I'm looking to make a road trip to Louisiana this spring and bring the boat and do some fishing. I've never been, just seen pictures and heard the rumors.. Was thinking of staying in Delacroix at the lodge there. Any suggestions of where to stay if not there and if that's a good starting point to fish south lousiana?


----------



## WhiteDog70810 (May 6, 2008)

Run a search for "Louisiana" on the forum. There are several excellent threads that thoroughly cover this topic. If you are in Louisiana marsh, there is good fishing nearby. I fished out of Montegut, Larose and Hackberry and they were all great. I never really figured out Venice, but I never put in the time either. I know nothing about Delacroix, but I've heard good things.

Luck,

Nate


----------



## GSTORY (Nov 22, 2010)

We keep a camper at Breton Sound Marina in Hopedale (around the corner from Delacroix), and have fallen in love with fishing that area. Biloxi Marsh is just out of the canal leaving the ramp heading east.

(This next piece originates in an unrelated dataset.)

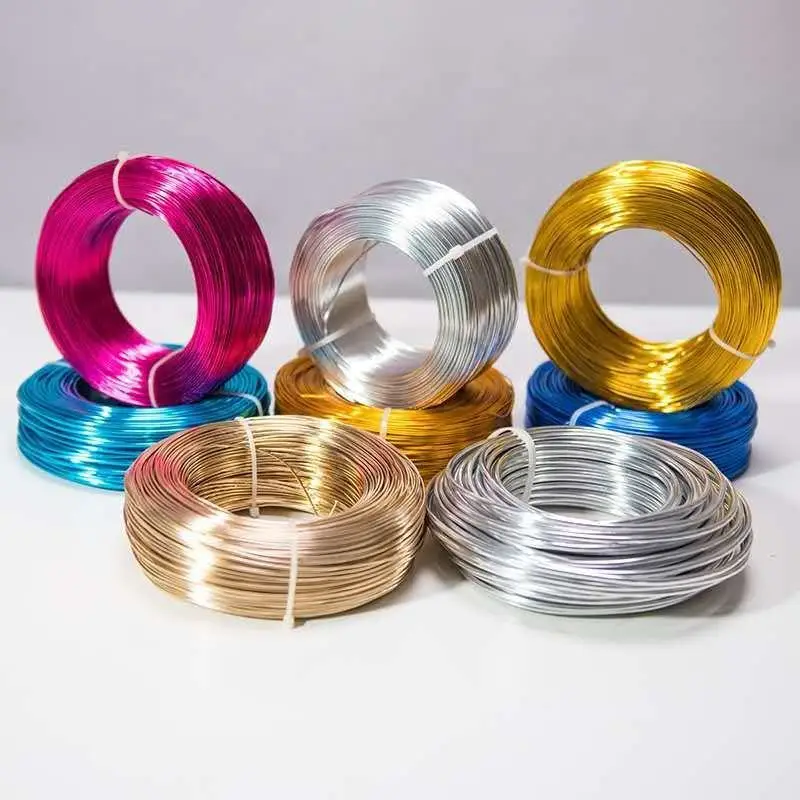 3.5mm Bright Gold Colored Anodized Artistic Round Aluminum Craft Wire For Jewelry Soft Wire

Plenty of fish, and some of the best fishing I've ever experienced. If you need any details, send me a message


----------



## CurtisWright (May 9, 2012)

The spring is impossible in Delacroix after the diversions are opened. Too much fresh muddy water. I fished February once when the Canervion was at 3000cfs and will never make that mistake again. I have never been there in March and April because the diversions are still running. In late May, June and July all the busted marsh in the north end of Delacroix and Reggio has clear water and plenty of fish. Hopefully you are there before the tournament guys are there with their 24' tunnel boats buzzing around and terrorizing the fish.


----------